Privy Council confirms 2-year extension to Amanda Spielman’s contract as Ofsted Chief Inspector

As mentioned in last month’s newsletter, both the DfE and Education Select Committee had confirmed a 2-year extension to Amanda Spielman’s contract as Ofsted Chief Inspector for England but were awaiting final approval from the Privy Council. The DfE has announced that the required approval has now been given and Ms Spielman’s 2-year contract extension will commence on 1 January 2022 (see here), at the end of which she will have been the longest serving person in the post. Interestingly, she will also be the only person to have occupied the post who has never been a teacher (see here).

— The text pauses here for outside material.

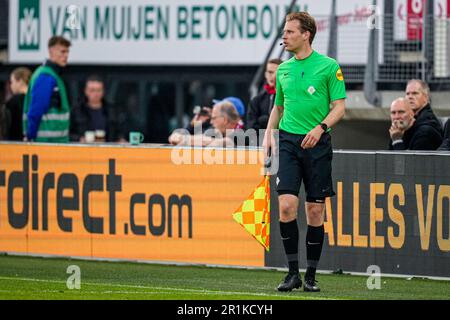 Alkmaar, Niederlande. 14. Mai 2023. ALKMAAR, NIEDERLANDE - MAI 14: Schiedsrichter Sjoerd Nanninga während des niederländischen Eredivisie-Spiels zwischen AZ und dem FC Emmen im AFAS-Stadion am 14. Mai 2023 in Alkmaar, Niederlande (Foto von Patrick Goosen/Orange Pictures). Guthaben: Orange Pics BV/Alamy Live News Stockfoto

Ofsted was asked by the DfE to carry out a ‘rapid’ review of sexual abuse in schools and colleges. The review was in response to allegations of abuse on the ‘Everyone’s’ Invited’ website (see here). During April and May, Ofsted inspectors visited 30 schools and two colleges and spoke to more than 900 students in single sex groups about the prevalence of sexual abuse and harassment. Inspectors found that:

  • Sexual harassment, including online sexual abuse, has become ‘normalised’ in schools and colleges.
  • Nine in ten of the girls they spoke to told them that sexist name calling and being sent unwanted explicit pictures or videos happened ‘a lot’ or ‘sometimes.
  • Boys talked about whose ‘nudes’ they had and shared them amongst themselves like a ‘collection game’, typically on platforms like WhatsApp or Snapchat.
  • All the young people they spoke to, especially girls, said they didn’t want to talk about sexual abuse even when encouraged by their school or college to do so. The reasons they gave for this included the risk of being ostracised by peers, or not being believed, or that they will be blamed.
  • School and college staff and leaders consistently underestimated the scale of the problem, either because they didn’t identify sexual harassment and sexualised language as significant problems, or because they didn’t treat them seriously, or they were unaware they were happening.
  • A review of the evidence of 93 Ofsted inspections suggested that inspectors had also failed to identify these issues, or when they been identified, failed to follow up on them.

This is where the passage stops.